Data for the task below:

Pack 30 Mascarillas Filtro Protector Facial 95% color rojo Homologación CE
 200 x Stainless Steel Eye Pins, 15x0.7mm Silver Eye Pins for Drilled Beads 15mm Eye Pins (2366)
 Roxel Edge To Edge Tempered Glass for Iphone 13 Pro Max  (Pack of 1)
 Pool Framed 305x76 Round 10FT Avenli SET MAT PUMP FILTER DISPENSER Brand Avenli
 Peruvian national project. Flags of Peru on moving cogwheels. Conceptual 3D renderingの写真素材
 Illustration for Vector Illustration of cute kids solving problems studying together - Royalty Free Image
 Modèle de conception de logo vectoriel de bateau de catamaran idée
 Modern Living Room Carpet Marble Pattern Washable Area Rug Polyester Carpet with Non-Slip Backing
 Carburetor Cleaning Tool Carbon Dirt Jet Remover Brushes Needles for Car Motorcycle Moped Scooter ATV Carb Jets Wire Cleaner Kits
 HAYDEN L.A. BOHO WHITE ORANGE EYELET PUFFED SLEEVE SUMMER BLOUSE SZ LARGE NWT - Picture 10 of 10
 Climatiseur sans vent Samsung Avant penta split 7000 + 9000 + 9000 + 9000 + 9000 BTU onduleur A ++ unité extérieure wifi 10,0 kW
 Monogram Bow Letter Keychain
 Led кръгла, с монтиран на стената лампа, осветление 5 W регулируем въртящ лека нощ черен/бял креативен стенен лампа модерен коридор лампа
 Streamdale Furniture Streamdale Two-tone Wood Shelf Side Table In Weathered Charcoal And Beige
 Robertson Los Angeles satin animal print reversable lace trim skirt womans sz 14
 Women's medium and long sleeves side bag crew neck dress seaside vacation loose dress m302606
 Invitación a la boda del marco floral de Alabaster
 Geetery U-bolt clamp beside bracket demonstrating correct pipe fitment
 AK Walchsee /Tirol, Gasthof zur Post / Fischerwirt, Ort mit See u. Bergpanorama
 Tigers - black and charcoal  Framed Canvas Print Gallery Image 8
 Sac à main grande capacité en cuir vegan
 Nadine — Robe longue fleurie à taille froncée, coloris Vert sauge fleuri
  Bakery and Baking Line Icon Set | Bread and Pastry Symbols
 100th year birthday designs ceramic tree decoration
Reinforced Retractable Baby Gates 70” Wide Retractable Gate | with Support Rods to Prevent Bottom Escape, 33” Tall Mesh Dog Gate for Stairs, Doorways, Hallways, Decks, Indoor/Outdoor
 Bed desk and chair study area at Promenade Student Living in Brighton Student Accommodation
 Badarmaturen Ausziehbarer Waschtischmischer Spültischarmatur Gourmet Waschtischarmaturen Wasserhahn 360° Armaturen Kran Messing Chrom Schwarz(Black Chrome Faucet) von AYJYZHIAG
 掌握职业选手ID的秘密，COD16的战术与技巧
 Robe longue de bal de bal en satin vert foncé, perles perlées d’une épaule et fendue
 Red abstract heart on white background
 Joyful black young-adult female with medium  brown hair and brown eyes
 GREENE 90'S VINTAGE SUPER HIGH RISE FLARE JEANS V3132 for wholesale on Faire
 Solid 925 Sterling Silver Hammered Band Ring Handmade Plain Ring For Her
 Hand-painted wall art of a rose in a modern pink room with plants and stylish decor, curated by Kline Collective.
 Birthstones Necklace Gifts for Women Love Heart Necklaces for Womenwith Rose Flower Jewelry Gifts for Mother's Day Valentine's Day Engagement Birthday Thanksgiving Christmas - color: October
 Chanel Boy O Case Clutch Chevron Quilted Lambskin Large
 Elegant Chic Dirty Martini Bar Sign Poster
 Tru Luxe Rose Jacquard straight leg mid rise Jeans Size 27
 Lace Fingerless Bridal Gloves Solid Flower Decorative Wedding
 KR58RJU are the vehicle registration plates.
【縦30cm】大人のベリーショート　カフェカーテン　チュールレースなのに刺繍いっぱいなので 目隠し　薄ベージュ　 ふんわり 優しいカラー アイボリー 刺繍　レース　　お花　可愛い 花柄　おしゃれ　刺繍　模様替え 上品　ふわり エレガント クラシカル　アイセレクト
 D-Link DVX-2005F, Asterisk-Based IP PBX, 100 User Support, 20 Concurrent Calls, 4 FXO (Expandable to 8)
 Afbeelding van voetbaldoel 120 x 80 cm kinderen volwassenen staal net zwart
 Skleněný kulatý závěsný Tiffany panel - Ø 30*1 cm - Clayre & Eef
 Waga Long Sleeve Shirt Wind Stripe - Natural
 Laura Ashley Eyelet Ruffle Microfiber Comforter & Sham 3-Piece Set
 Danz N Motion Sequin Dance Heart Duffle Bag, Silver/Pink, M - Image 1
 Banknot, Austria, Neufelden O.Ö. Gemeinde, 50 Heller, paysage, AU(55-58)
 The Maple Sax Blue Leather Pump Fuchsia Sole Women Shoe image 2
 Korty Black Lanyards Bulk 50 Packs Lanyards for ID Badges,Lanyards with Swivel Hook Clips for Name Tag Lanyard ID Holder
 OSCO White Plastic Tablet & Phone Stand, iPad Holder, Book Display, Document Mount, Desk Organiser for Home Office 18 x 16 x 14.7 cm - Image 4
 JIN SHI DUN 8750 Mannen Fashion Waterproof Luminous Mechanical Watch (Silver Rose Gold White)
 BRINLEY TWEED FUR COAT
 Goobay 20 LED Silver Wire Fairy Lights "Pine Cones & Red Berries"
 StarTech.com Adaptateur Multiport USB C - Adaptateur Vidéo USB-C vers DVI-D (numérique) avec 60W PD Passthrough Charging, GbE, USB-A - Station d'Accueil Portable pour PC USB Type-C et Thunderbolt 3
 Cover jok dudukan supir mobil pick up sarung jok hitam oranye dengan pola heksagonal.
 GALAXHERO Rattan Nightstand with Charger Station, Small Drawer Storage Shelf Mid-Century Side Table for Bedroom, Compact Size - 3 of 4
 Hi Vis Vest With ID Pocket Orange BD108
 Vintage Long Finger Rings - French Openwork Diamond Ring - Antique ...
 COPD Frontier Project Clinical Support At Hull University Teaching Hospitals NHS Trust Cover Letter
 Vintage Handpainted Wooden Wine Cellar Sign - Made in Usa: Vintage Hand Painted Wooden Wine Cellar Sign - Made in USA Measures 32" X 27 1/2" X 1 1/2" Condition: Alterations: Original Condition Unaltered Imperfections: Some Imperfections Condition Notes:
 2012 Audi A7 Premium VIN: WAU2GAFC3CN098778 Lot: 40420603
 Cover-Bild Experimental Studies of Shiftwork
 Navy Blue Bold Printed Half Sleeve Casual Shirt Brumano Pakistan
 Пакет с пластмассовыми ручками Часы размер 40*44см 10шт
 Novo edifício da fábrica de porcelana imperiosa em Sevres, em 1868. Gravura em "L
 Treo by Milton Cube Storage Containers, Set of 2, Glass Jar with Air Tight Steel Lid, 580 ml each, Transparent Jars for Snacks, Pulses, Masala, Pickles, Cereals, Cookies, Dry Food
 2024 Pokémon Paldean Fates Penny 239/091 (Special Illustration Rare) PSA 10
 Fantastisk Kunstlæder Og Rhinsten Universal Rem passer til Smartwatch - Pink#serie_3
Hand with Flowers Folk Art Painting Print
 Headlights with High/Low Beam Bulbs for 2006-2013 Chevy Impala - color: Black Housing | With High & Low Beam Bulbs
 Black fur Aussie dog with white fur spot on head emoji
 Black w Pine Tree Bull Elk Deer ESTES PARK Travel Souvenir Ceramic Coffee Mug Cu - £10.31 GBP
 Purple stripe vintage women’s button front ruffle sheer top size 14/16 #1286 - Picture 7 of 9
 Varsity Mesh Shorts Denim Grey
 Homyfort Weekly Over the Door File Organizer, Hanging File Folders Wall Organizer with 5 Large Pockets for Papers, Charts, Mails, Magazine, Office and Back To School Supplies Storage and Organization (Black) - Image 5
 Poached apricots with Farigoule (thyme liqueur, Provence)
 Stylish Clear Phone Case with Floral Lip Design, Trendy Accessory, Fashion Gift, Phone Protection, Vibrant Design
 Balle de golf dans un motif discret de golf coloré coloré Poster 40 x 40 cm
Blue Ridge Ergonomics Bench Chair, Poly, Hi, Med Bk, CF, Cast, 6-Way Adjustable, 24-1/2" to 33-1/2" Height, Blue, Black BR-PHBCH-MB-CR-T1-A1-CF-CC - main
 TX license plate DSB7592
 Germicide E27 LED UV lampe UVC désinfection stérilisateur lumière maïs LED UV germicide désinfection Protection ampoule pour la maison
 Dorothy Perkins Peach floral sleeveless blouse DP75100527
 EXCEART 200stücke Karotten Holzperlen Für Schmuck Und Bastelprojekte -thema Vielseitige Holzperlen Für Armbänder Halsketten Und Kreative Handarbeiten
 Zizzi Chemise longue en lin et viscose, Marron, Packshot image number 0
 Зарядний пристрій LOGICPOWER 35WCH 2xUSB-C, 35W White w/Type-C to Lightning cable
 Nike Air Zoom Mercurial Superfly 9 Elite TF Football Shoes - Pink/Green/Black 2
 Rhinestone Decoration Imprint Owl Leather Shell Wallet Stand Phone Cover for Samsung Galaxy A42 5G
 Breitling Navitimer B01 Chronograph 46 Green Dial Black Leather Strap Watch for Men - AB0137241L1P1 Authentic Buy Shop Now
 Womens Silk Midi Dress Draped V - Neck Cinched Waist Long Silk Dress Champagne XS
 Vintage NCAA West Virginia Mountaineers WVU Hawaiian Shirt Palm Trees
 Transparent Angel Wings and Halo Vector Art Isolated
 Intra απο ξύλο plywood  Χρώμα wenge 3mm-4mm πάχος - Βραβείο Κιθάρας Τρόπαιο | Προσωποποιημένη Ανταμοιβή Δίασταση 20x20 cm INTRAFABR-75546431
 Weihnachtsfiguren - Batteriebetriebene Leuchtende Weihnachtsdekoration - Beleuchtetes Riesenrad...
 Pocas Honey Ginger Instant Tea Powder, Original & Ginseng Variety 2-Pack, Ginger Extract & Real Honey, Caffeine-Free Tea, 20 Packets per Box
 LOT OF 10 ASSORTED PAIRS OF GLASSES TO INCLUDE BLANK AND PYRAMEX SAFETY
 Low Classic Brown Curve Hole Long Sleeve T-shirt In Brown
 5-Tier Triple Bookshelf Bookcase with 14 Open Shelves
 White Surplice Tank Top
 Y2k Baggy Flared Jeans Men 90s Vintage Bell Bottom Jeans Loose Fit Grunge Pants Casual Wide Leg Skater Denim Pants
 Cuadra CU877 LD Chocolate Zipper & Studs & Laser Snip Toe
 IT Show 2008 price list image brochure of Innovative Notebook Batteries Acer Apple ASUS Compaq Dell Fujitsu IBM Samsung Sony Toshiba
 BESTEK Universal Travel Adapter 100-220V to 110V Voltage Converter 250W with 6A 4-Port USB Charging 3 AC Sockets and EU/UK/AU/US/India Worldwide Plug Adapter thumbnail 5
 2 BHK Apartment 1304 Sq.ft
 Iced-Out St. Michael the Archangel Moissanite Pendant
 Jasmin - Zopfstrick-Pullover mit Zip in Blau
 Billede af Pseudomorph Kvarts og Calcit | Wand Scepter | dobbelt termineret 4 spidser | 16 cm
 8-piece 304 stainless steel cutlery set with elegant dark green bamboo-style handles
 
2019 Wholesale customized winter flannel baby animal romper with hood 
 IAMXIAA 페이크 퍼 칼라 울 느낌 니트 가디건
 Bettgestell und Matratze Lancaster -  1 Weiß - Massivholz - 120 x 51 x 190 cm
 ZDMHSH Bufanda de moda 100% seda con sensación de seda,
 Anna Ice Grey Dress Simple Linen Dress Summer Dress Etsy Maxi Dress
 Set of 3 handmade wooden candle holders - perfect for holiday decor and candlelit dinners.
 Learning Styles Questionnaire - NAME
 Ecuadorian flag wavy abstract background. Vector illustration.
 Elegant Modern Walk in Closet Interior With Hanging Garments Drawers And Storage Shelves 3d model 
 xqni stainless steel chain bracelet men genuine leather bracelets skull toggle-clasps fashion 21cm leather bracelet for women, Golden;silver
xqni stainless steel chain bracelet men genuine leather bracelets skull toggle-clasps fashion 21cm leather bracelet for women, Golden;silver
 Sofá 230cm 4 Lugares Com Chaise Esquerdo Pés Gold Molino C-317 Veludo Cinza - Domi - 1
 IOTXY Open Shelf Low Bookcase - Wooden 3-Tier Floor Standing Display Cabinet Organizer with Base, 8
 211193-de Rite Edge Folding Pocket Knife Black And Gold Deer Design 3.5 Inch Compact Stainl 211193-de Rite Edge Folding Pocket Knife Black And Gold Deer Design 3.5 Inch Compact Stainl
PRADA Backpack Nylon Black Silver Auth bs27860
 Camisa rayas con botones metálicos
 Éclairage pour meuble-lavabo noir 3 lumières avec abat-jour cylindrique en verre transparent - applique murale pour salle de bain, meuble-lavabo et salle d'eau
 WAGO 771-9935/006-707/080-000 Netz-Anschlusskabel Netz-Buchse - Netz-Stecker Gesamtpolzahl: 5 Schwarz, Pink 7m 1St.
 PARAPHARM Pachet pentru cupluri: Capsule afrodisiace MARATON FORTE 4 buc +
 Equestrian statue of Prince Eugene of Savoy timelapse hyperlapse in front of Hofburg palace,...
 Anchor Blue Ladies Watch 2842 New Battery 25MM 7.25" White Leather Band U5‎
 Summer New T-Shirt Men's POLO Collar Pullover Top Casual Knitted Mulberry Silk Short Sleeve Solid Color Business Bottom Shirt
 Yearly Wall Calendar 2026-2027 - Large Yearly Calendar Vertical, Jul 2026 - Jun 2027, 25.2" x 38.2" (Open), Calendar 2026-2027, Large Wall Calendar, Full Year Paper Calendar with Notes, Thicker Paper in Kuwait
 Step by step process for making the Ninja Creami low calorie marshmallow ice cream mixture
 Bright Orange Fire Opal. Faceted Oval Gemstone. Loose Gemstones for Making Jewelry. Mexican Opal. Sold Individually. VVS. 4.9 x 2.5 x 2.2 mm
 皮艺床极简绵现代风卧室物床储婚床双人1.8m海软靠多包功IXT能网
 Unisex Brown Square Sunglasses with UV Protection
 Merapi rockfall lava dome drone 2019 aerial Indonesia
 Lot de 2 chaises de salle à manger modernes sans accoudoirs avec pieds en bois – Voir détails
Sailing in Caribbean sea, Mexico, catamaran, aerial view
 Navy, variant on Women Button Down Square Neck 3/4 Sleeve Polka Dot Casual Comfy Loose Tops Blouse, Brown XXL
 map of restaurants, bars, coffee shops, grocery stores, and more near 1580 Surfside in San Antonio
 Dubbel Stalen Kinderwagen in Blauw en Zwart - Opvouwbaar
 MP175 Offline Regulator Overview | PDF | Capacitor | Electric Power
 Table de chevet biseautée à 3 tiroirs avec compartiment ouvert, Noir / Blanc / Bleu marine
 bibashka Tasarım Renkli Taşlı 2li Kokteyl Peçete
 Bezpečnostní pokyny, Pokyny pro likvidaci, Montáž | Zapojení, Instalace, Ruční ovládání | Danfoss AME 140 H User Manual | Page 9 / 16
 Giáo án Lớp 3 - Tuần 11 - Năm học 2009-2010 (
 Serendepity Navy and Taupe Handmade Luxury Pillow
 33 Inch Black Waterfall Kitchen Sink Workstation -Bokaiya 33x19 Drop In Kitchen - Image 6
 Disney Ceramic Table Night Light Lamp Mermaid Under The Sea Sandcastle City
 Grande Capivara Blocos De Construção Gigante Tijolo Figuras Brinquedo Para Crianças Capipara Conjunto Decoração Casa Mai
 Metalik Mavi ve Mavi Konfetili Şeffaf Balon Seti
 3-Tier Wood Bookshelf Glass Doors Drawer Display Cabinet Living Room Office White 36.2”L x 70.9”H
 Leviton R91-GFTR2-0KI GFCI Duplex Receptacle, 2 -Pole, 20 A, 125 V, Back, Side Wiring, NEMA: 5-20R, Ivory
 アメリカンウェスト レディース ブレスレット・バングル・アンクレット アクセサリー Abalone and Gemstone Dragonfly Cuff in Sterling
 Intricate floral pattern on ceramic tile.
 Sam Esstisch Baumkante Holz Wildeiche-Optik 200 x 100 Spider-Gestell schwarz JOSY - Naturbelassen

End of Data for the task.

- [About this task]: Exactly reproduce the lines of the entries above, from the one containing "Disney Ceramic Table" to the very last, and no others.

- [Written reply]:
 Disney Ceramic Table Night Light Lamp Mermaid Under The Sea Sandcastle City
 Grande Capivara Blocos De Construção Gigante Tijolo Figuras Brinquedo Para Crianças Capipara Conjunto Decoração Casa Mai
 Metalik Mavi ve Mavi Konfetili Şeffaf Balon Seti
 3-Tier Wood Bookshelf Glass Doors Drawer Display Cabinet Living Room Office White 36.2”L x 70.9”H
 Leviton R91-GFTR2-0KI GFCI Duplex Receptacle, 2 -Pole, 20 A, 125 V, Back, Side Wiring, NEMA: 5-20R, Ivory
 アメリカンウェスト レディース ブレスレット・バングル・アンクレット アクセサリー Abalone and Gemstone Dragonfly Cuff in Sterling
 Intricate floral pattern on ceramic tile.
 Sam Esstisch Baumkante Holz Wildeiche-Optik 200 x 100 Spider-Gestell schwarz JOSY - Naturbelassen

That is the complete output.